Exercise aim — Answer with a single number: how many lines in the listing below include "기자간담회에서"?

Data excerpts —
----

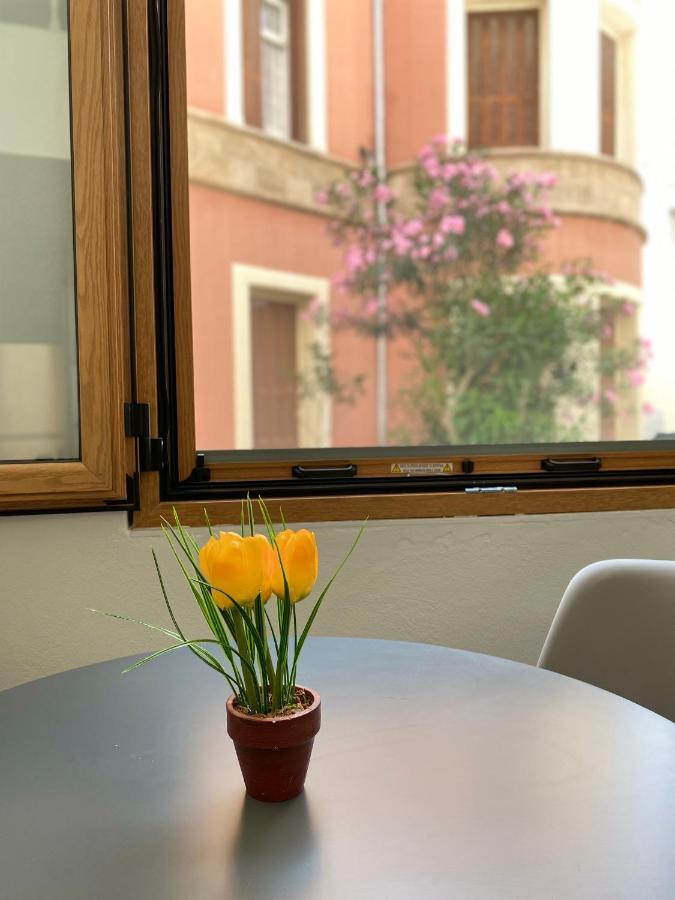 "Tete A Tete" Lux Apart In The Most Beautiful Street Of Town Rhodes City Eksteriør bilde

----

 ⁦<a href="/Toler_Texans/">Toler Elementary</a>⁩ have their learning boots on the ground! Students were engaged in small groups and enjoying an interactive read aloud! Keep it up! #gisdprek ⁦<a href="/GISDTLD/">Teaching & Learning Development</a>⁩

----

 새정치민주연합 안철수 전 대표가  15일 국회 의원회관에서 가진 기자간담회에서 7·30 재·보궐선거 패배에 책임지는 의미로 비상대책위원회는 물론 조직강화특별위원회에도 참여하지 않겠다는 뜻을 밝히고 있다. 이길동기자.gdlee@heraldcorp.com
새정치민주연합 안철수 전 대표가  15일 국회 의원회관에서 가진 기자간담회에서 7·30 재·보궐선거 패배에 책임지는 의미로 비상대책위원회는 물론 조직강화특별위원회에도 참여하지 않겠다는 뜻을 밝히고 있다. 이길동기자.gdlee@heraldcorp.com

----

Solution to this task — 2